Lena and Clifford Hooe began their life together with a kick-kick-turn and slide. It's been 20 years and they've never stopped dancing.

"He's energetic, he's like a little boy, he's delightful," Lena Hooe, Clifford's wife, told Ivanhoe.

From Tennis, to Taekwondo, Clifford lives to learn.

"I'm usually the oldest person in the class, but that's ok," Clifford Hooe, a stroke survivor, said.

He was off to kick boxing class when he was hit with the unexpected.

"He had fallen and he said I can't get up," Lena said.

 "Oh no, not me. Please, I don't need this. I have too much I want to do, don't do this to Me," Clifford said.

Doctors treated this first stroke with drugs; Clifford recovered completely, but then, a second stroke.

"It can't be happening again. It just can't. He's so active and he's so strong," Lena said.

Clifford was paralyzed on his left side. Doctors at Cedars-Sinai used hypothermia to cool his body, stopping inflammation and slowing his metabolism, allowing his brain time to rest

"If a person has a stroke, loss of blood to the entire brain, if we begin to cool them within six hours, we have the chance for a complete salvage," Patrick D.Lyden, M.D.,  chair of the department of neurology at Cedars-Sinai Medical Center, explained.

An ice cold device sits in the body's largest vein and cools the blood directly.

"We put a catheter inside the body and cool the blood stream from inside out," Dr.Lyden said.

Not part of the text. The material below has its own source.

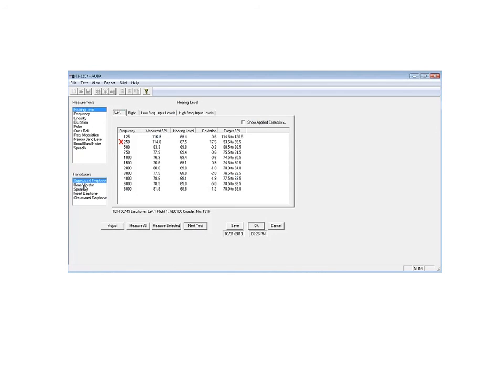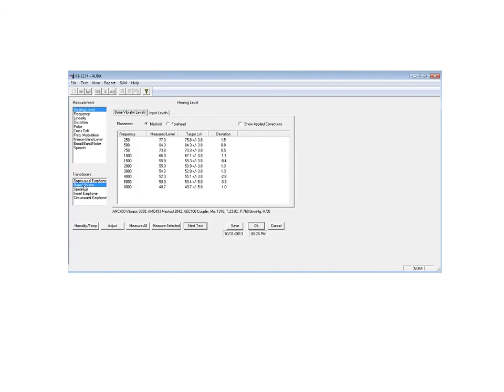We can also go and do the bone vibrator, again, with the audit testing.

The body's cooled to 33 degrees for 24 hours. Then it is slowly brought back to normal temperature. Doctor Lyden said next to clot-busting drugs, he views this as a the second biggest breakthrough of our lifetime.

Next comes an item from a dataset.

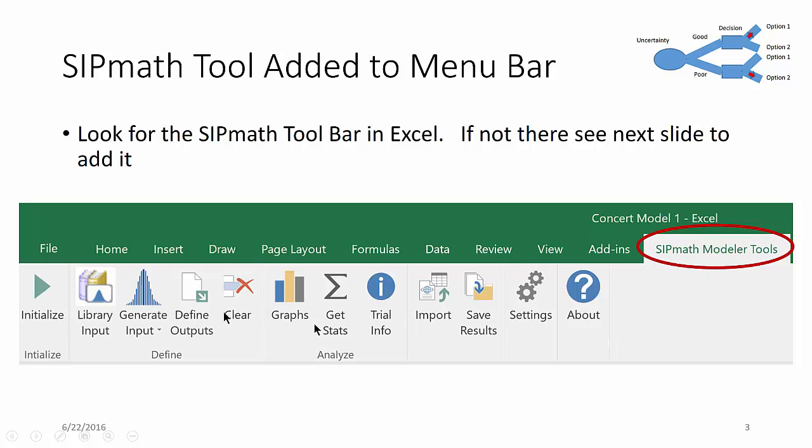We're not going to talk about what those icons do. Probabilitymanagement.org has little videos on each one of those icons. We're just going to talk about installing it.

Although this stroke slowed Clifford down, without the hypothermia treatment, things could have been much worse. He's thankful for his doctors and his dancing partner.

"I want to hold my wife tight and give her a big kiss for all she's done for me," Clifford said.

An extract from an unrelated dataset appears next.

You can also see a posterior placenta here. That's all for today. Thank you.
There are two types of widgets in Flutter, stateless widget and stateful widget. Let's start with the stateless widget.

Twenty hospitals across the country are currently using hypothermia, but only in patients under 80 years old because there is a risk of pneumonia. Doctor Lyden said he has not seen any damage done to any other organs because of the cooling.

RESEARCH SUMMARY

BACKGROUND: A stroke occurs when blood supply to part of your brain is interrupted or severely reduced, depriving brain tissue of oxygen and food. Within minutes, brain cells begin to die.

A stroke is a medical emergency. Prompt treatment is crucial. Early action can minimize brain damage and potential complications. A stroke can cause temporary or permanent disabilities, depending on how long the brain suffers lack of blood flow and which part was affected. Complications may include: paralysis or loss of muscle movement, difficulty talking or swallowing, memory loss or trouble with understanding, pain, numbness or other strange sensations and changes in behavior and self-care. (mayoclinic)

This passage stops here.